Exercise prompt ▸ Using the listing below, copy exactly each line from the one that has "Süße Umschläge &" through the one that has "Gray Rick And"; omit the pictures.

[Data shown Boundary: Start]

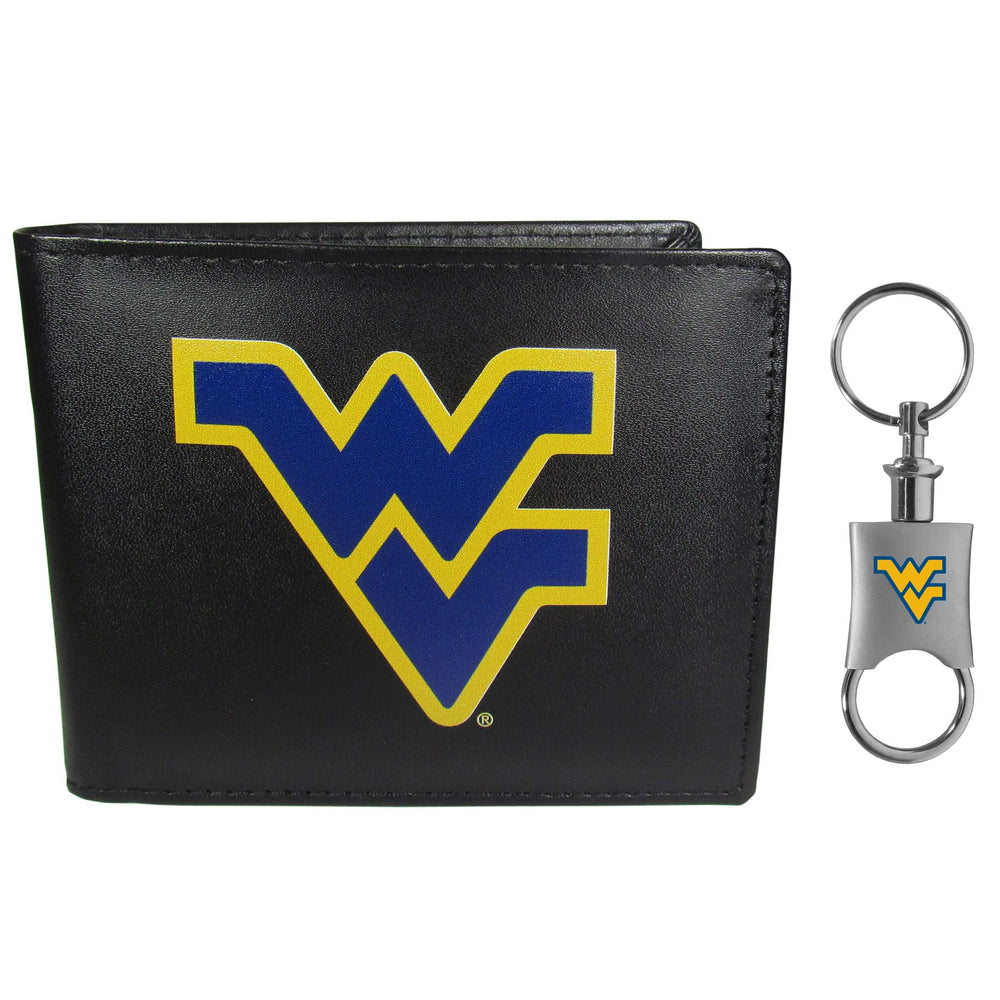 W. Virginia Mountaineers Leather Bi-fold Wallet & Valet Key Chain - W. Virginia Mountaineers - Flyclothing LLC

[Data shown Boundary: End]
[Data shown Boundary: Start]

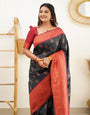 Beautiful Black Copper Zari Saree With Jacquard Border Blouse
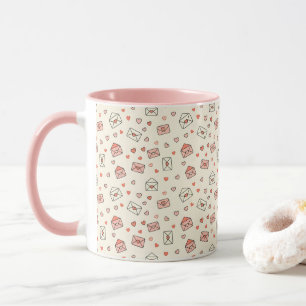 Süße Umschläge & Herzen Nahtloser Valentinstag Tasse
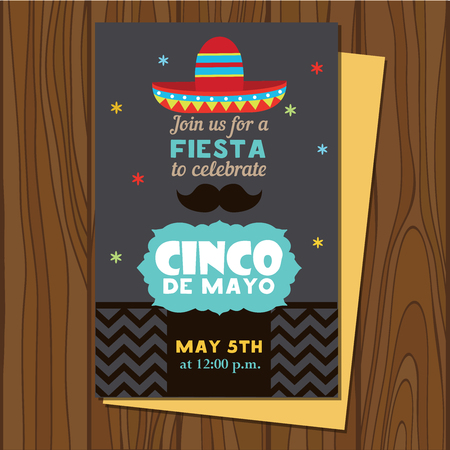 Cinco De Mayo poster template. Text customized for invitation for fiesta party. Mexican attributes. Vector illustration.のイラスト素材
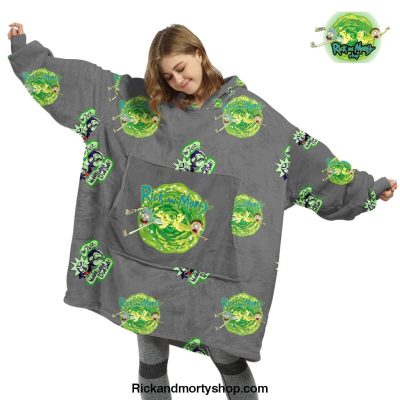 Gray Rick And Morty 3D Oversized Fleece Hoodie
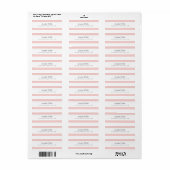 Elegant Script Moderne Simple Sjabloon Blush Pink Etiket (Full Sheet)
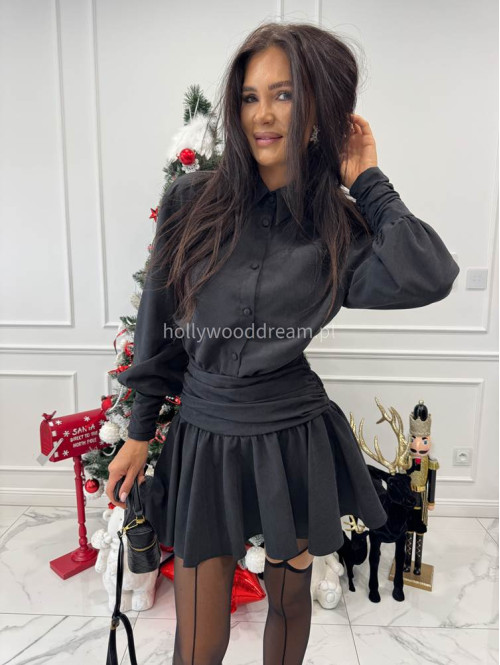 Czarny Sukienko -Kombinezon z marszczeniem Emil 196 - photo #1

[Data shown Boundary: End]
[Data shown Boundary: Start]

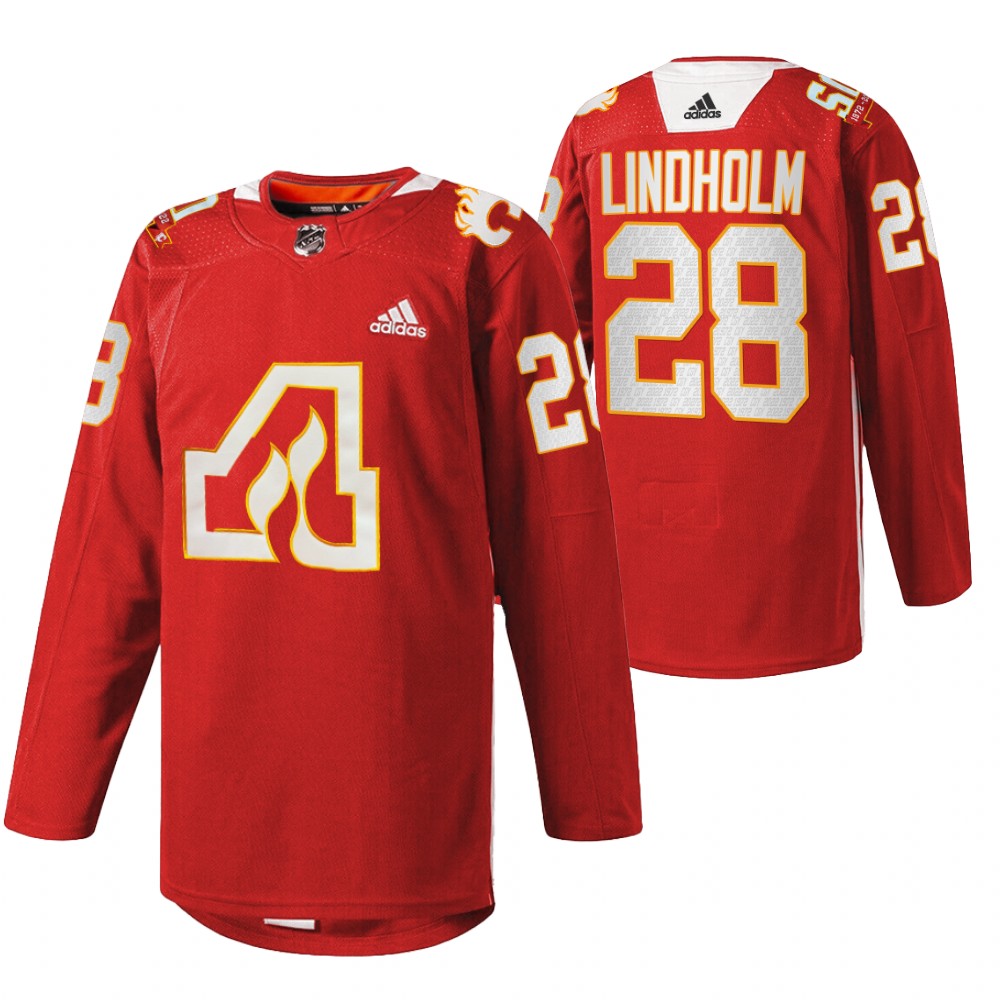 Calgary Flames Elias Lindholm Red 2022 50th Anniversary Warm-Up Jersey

[Data shown Boundary: End]

Solution ▸
 Süße Umschläge & Herzen Nahtloser Valentinstag Tasse
 Cinco De Mayo poster template. Text customized for invitation for fiesta party. Mexican attributes. Vector illustration.のイラスト素材
 Gray Rick And Morty 3D Oversized Fleece Hoodie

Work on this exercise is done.